January 13, 2012, 11:34 AM —
The easy joke about cellphones, the one that late-show monologue writers and your corniest friends reached for, was that their ringers went off in theaters and restaurants and annoyed everybody. Most of us have since learned how important it is to silence our phones, and how to do so--most phones have a dedicated button for silencing. But now we’re actively choosing to let our always-connected, web-friendly phones interrupt our meals with friends, our work, and our ability to actually notice where we are and what we’re doing.
There are some simple but strong remedies for smartphone addiction, beyond staging a scene from a bad romantic comedy and chucking the device into a picturesque body of water.
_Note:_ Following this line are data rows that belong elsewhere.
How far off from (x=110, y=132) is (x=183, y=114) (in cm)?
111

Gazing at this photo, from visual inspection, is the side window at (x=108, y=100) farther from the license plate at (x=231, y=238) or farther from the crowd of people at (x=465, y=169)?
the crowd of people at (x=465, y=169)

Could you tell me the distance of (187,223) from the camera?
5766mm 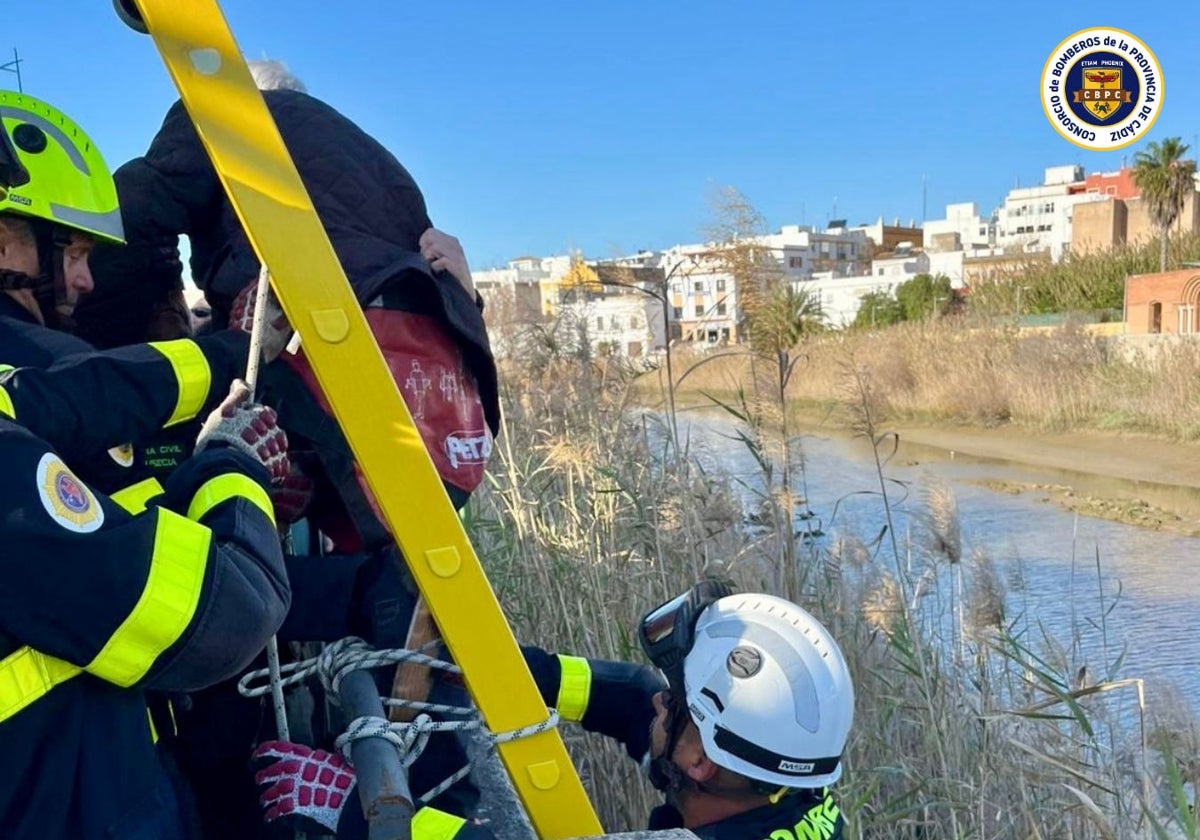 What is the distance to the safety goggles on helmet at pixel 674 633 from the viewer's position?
90.6 inches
Here are three steps your author has taken recently to escape the emotional pull of constantly available information.
Turn off instant email notifications
There’s an inherent feeling of losing out if you pay for a data plan for your phone, and then don’t get notified the minute a new email comes in. But if you’re not able to actually digest an email’s contents, and react or respond in some way, you’re adding to your already burdensome inbox pile, and losing out on whatever you’re doing at the time. More to the point, to paraphrase Merlin Mann, that email almost certainly won’t give you anything serious to work with. My advice? You can keep email coming in your phone, but don’t let your phone notify you about every single message.
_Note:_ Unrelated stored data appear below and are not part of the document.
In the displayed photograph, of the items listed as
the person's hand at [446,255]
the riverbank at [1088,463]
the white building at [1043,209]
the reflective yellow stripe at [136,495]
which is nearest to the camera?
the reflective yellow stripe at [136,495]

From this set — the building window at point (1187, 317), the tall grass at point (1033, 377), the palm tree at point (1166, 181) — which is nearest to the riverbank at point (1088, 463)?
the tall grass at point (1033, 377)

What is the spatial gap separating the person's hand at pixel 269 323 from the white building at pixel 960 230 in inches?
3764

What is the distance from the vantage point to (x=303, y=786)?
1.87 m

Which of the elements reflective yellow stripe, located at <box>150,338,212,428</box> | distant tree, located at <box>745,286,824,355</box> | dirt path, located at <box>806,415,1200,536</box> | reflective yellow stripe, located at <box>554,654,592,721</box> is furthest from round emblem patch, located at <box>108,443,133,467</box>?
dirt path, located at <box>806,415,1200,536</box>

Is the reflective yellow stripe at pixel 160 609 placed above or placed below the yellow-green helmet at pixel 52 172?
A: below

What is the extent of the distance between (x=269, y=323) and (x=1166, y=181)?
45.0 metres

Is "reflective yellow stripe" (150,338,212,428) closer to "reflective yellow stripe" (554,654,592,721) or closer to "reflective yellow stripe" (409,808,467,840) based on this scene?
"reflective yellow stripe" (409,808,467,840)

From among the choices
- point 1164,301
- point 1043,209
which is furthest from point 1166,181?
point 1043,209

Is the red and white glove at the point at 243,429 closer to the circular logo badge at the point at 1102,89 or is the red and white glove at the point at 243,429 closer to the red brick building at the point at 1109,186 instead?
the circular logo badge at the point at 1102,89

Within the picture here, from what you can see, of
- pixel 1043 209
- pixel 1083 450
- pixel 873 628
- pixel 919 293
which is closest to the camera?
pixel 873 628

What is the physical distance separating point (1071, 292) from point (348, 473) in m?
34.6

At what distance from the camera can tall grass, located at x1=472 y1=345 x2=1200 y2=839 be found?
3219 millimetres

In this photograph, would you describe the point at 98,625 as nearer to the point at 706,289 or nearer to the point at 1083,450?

On an Android phone, head to the Gmail or Email app, press the Menu button (or tap the Menu icon in the upper corner on brand-new 4.0 devices), and turn off notifications. On an iPhone, head to the Settings app, scroll down to Notifications, and turn off Mail. On other phones, the process is likely similar. You can still open up your email app whenever you’re feeling bored or curious, but that choice is up to you, not whoever happens to be sending you something.